En raison des critiques constantes sur leur capacité à faire appliquer la loi, la Commission des valeurs mobilières de l'Ontario (CVMO) et d’autres organismes provinciaux de réglementation des valeurs mobilières semblent déterminés à durcir le ton. Ils étalent en effet avec force sur la place publique les mesures qu’ils prennent et optent pour des recours ou interprétations de la législation sur les valeurs mobilières qui peuvent être qualifiés de plus musclés que ce à quoi ils nous ont habitués.

Parmi les nouveautés, citons une approche plus directe au sujet des mesures qui sont envisagées pour renforcer l'application de la loi. Dans une allocution (disponible en anglais seulement) prononcée en février dernier, le nouveau président de la CVMO a fait preuve de plus de transparence sur sa conception de l'application de la loi en lançant de nouvelles idées, notamment les ententes à l'amiable sans admission de responsabilité et la clarification du programme actuel de « crédit de coopération »1.

En juin et juillet dernier, au lendemain des perturbations survenues sur le marché après la publication d'un rapport très critique par un vendeur à découvert sur un émetteur précis (Sino-Forest), la CVMO, qui a voulu illustrer une fois de plus sa volonté de faire preuve d'une transparence accrue, a non seulement confirmé publiquement qu'elle avait sans tarder entamé une procédure d'enquête sur cet émetteur, mais elle avait aussi publié, de façon inhabituelle, un avis complémentaire pour avertir les autres émetteurs qu'elle orienterait son enquête sur d’autres propriétaires d'importants actifs dans les marchés émergents.

En août, la CVMO a pris une mesure encore plus agressive en destituant plusieurs membres de la direction de Sino-Forest en lien avec une interdiction temporaire d'opérations. Fait embarrassant pour la CVMO, elle a dû revenir le même jour sur cette décision. Cela dit, l'émetteur a, de son plein gré, pris des mesures presque sans délai pour parvenir aux mêmes résultats qu'aurait produits l'ordonnance irrégulière de la CVMO.

L'enquête de la CVMO sur les marchés émergents va bien au-delà de Sino-Forest et des émetteurs semblables pour viser le rôle joué par des parties qui exercent, selon elle, un certain contrôle sur l’accès : les vérificateurs, les souscripteurs et les auteurs des rapports sur ces émetteurs. L'évaluation des risques liés à certains émetteurs a été revue à la hausse dans au moins une mise à jour récente d’un rapport de recherche d’un courtier en valeurs mobilières, à la suite de la visite des propriétés et de la vérification des transactions entre des parties liées.

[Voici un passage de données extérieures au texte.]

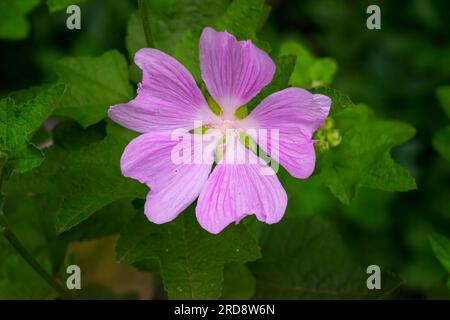 Mallow muschiato rosa, malva moschata, fiori da vicino con gocce di pioggia e uno sfondo sfocato di foglie e fiori. Foto Stock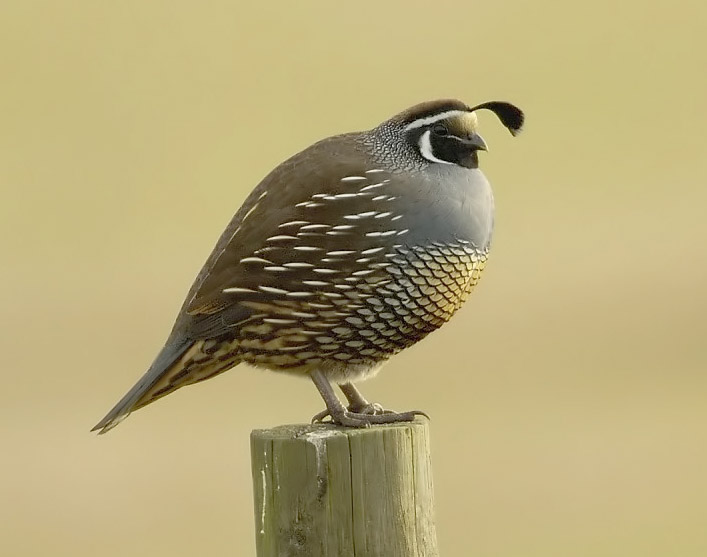 Callipepla californica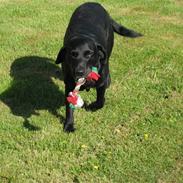 Labrador retriever Chester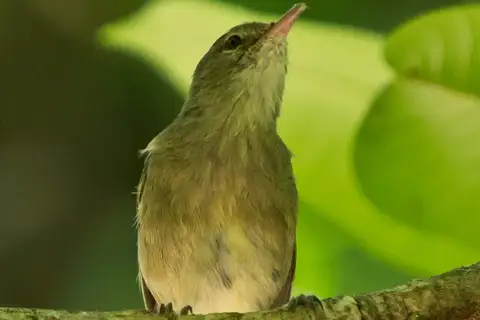 Seychelles Warbler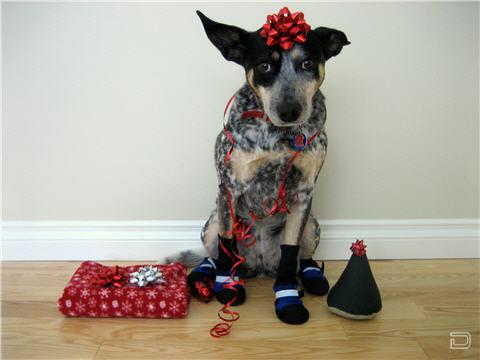 Собачки в новогодних аксессуарах (15 фото)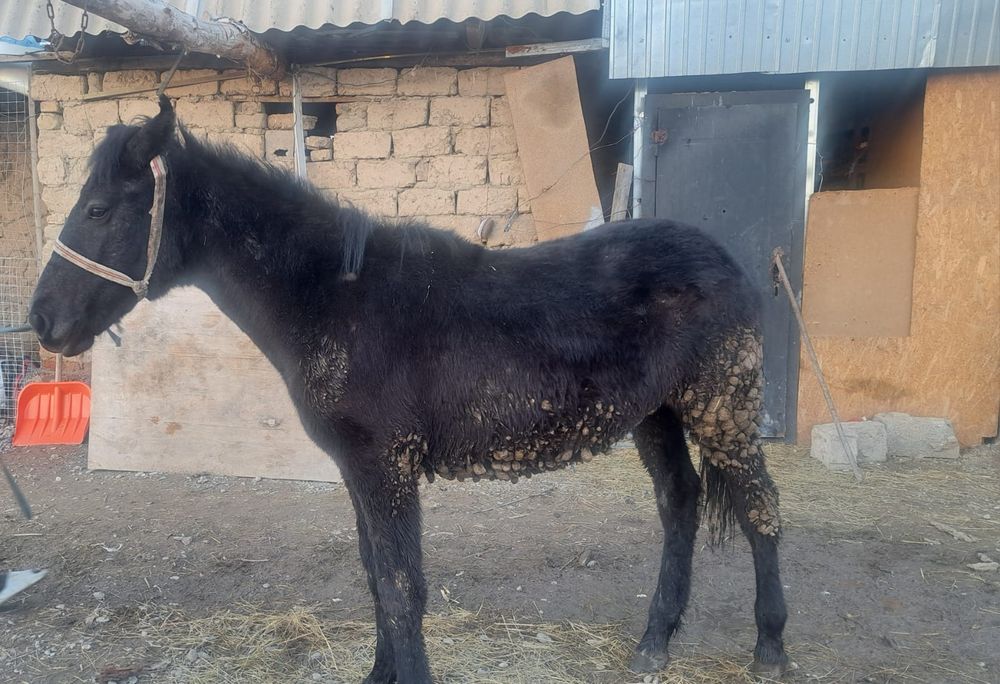 Баитал сатлады срочна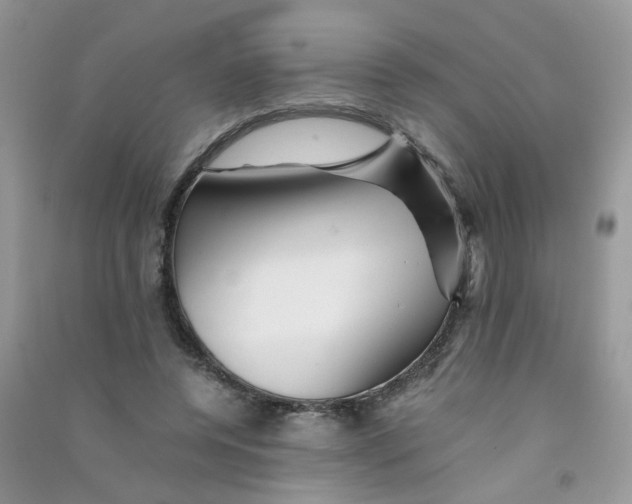 X0000090760544200708172050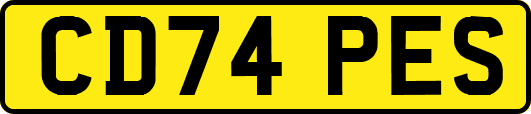 CD74PES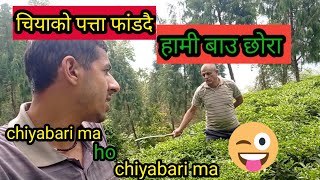 Chiya KO patta katdai garekochiyabari vlog 🤟villagelifeofnepal tea aggriculture [upl. by Joan836]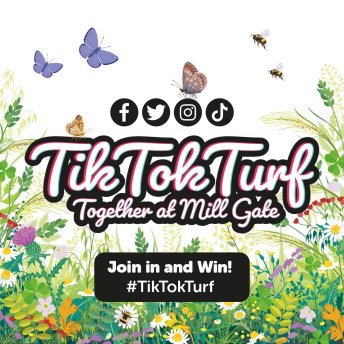 TikTokTurf - Join in and Win!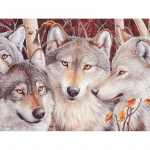 5D Teemantmaal Hundikivid Pilt kividest Teemanttikandid Teemantmosaiik 20X30CM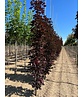 Säulen Blutahorn Stammbusch | Acer platanoides 'Crimson Sentry'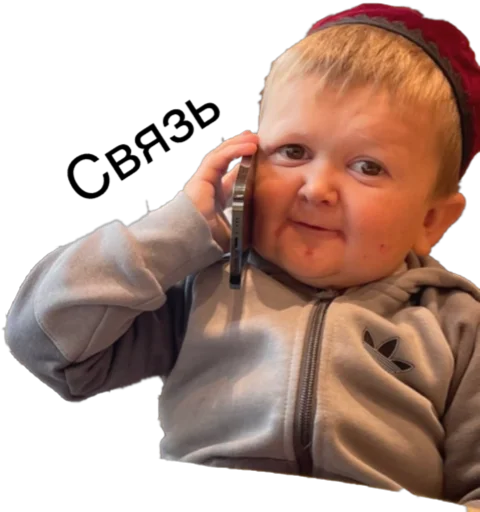 Стикер Хасбик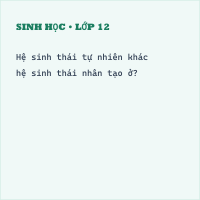 Trắc nghiệm Sinh Học Bài 42 (có đáp án): Hệ sinh thái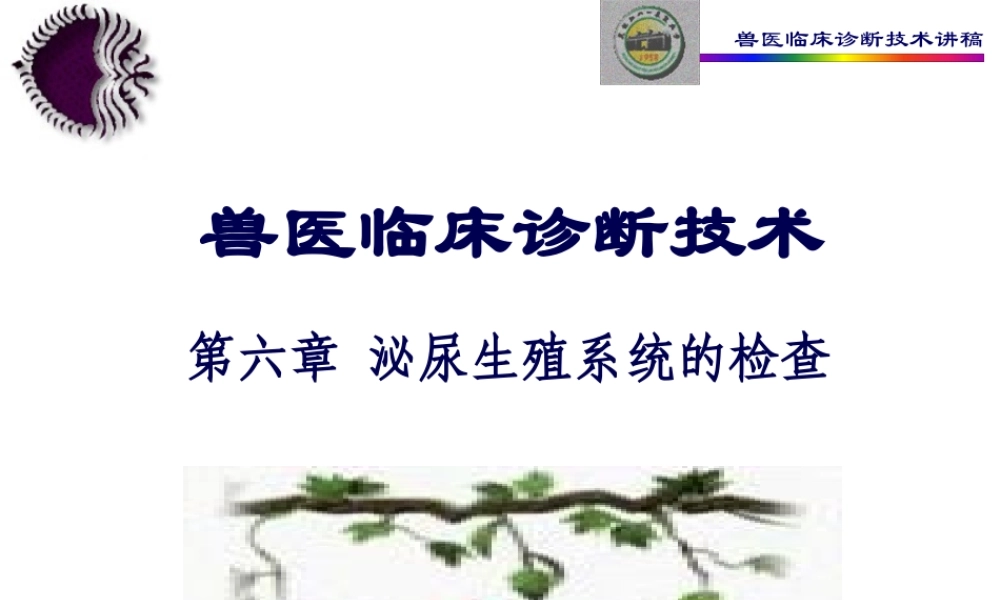 6第六章泌尿生殖系统的检查教程.pptx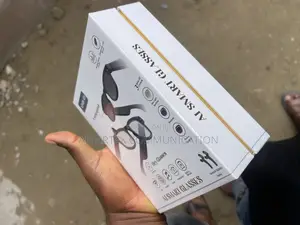 A1 Smart Glasses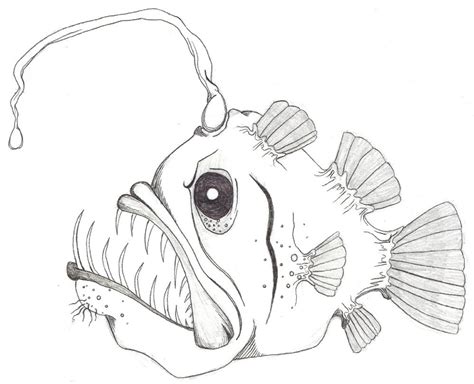 Zoes Sea Creatures — Zoe Boekbinder Sea Animals Drawings Fish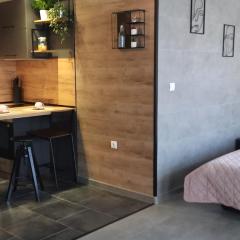Top Studio Vinica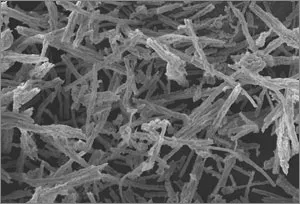 Mesoporous silica rods (MSRs)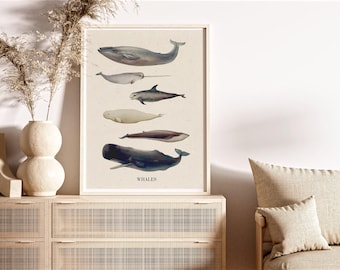 May include: A vintage-style illustration of different types of whales, including a sperm whale, a humpback whale, a narwhal, and a beluga whale. The illustration is printed on a white background and framed in a simple wooden frame. The title "Whales" is printed at the bottom of the illustration.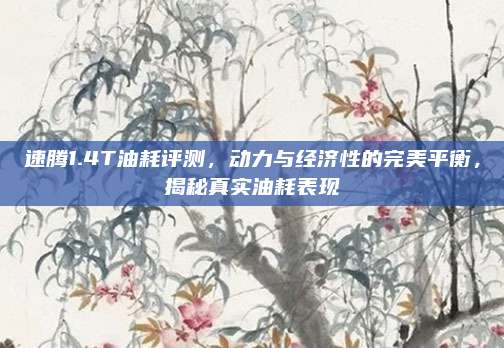 速腾1.4T油耗评测,动力与经济性的完美平衡,揭秘真实油耗表现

Même si cela ne saute pas aux yeux à première vue, cet intérêt pour un groupe d'émetteurs faisant appel public à l’épargne se trouvant dans la même situation représente une nouvelle illustration de la pratique de la CVMO, au cours des dernières années, qui consiste à rehausser le niveau des pratiques exemplaires en attirant l'attention du public, dans des avis sur la conformité, sur des pratiques d’information continue de sociétés ouvertes que les organismes de réglementation, et la CVMO en particulier, considèrent comme inadéquates.

Dans l'espoir de prouver que les organismes provinciaux de réglementation des valeurs mobilières se montrent plus déterminés à intenter des poursuites pour des violations en matière de valeurs mobilières, les Autorités canadiennes en valeurs mobilières (ACVM) ont annoncé dans leur Rapport sur l'application de la loi 2010  leur intention de recourir aux tribunaux et aux poursuites judiciaires pour faire appliquer la réglementation sur les valeurs mobilières plutôt que de s'en remettre aux procédures d'intérêt public considérées comme plus indulgentes, moins punitives et moins dissuasives que les poursuites. Ces dernières peuvent en effet donner lieu à la constitution de casiers judiciaires et à l'imposition de peines d'emprisonnement.

Dans les provinces de l'Ouest, et tout récemment au Nouveau-Brunswick, les commissions des valeurs mobilières se montrent intraitables dans le cadre d'une série de poursuites et de campagnes de sensibilisation pour combattre des escroqueries et des chaînes de Ponzi ayant trait à la fiscalité et aux retraites, visant des investisseurs individuels et ayant fait subir de lourdes pertes à des particuliers vulnérables.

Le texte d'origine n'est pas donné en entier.